JS: Why was it shot in 3D?
RCM: The initial discussions about the project with the Producers and Directors were all about how a surfing film would look in 3D. Initial conversations centered around coverage and how the previously established look for surfing films would apply to 3D. The Directors wanted to use 3D to enhance the visceral experience of the surfing sequences and present the documentary elements with a sense of naturalism.
JS: What’s your 3D background?
RCM: Having been working in the field of 3D for the last 5 years, I have worked on numerous short films, commercials, promos etc. I was brought on the project as the Stereoscopic Supervisor to design a 3D solution that encompassed camera systems, shooting procedures and a workflow to handle a TV show, 3D webisodes and a feature film in 3D. For the DOP (Director of Photography) and Water DOP, it was their first taste of shooting 3D.
JS: How was “Storm Surfers 3D” different from a 2D shoot?
RCM: Essentially anything that is a minor technical problem in 2D is a big technical problem in 3D – you are aiming to shoot similar images (in both the left and right cameras) so you have to pay attention to camera alignment (in a beamsplitter or side-by-side rig) and removal of elements which could potentially cause rivalries (or differences) between the two eyes.

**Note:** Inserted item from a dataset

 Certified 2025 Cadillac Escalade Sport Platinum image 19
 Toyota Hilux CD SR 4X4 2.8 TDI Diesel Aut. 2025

JS: It’s true. Even if light just reflects differently in the left camera than it does in the right camera, it creates a strobe effect which can lead to eye strain and headaches. Every filmmaker must have their own stereoscopic point of view and 3D philosophy in order to use depth to heighten the emotional impact of their story. What’s your personal 3D philosophy?
RCM: We use our senses to interact with the world around us. We have been hardwired with the ability to accept two dissimilar views and interpret them as our perception of the world which evokes many physiological and emotional responses in the process of perception. Stereoscopic 3D supports this notion to heighten the connection between viewer and story.
RCM: 3D depicts many additional cues (often subconscious) that allow us to better understand the world we are presented, and respond to it. The art and visual perception of 3D for narrative storytelling is still in its infancy, but with every new film and every unique perspective filmmakers are further establishing the creative possibilities as a visual language.
JS: What’s the most important part of the 3D process?
RCM: For me, consistency is the most important part of the process, a process which involves many creatives within a production, moving towards a common goal. Lens focal length and composition are key to the choices which are available to a stereographer regarding volume and depth.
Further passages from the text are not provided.